13-2:リアル世界(霧島・黒幕サイド)
(場所:大手町・金融中枢ビル 最深部)
(時間:愁ダイブと、ほぼ同時刻)
シン……と静まり返った、巨大なサーバールーム。
「システムダウン」を示す無数の赤いエラーランプだけが、不気味に点滅している。
そこに、あの黒いコートの男が、悠然と立っていた。
奴は、日本経済の“心臓”と呼ぶべき、物理サーバーラックの群れを、愛おしそうに見つめる。
「……仕上げだ」
男は、その“心臓”の一つに、そっ……と手をかざした。
ジュウウウウウウッ!!
黒い呪力が、まるで強酸のように、男の手からサーバーラックに侵食していく!
バチッ! バチチチチッ!
物理的な火花が散り、内部の精密機械が焼け焦げる、黒い煙が上がった。
デジタル(呪い)でシステム(OS)を殺し、物理でハード(心臓)を焼く。
完璧な「詰み」だ。
(場所:地下室・特殊事案対応室)
「……!」
ダイブしている愁の身体と、詠唱を続ける詩織を守るように立っていた霧島さんが、壁の大型モニターを睨みつけ、鋭く息を呑んだ。

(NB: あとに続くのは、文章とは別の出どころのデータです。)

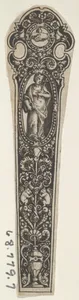 Copy of a Design for a Knife Handle with the Personification of Faith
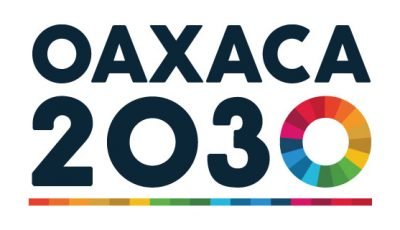 logo vector Oaxaca 2030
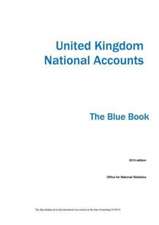 United Kingdom National Accounts: The Blue Book 2016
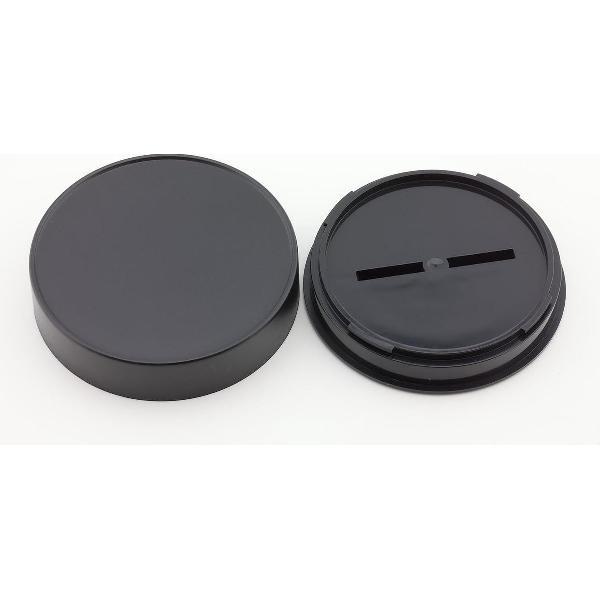 Achterdop+Bodydop (2 stuk): Hasselblad mount camera lens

そこには、大手町の、唯一かろうじて生き残っていた監視カメラの映像が、ノイズまじりで映し出されていた。
ザザッ……ピー……!
ノイズの向こう側に、黒い人影。
物理サーバーに手をかざす、あの黒幕の姿を、ハッキリと捉えていた。
「(舌打ち)――チッ! マズい!」
霧島さんの、本気で焦った声が、地下室に響く。
「あの野郎……! デジタル(呪い)でシステム(中枢)を弱らせて、物理で“心臓”を喰う気だ!」
(こ、こいつぁヤベェぞ!)
霧島さんは、ダイブして意識のない愁の身体に向かって、インカムを通して叫んだ!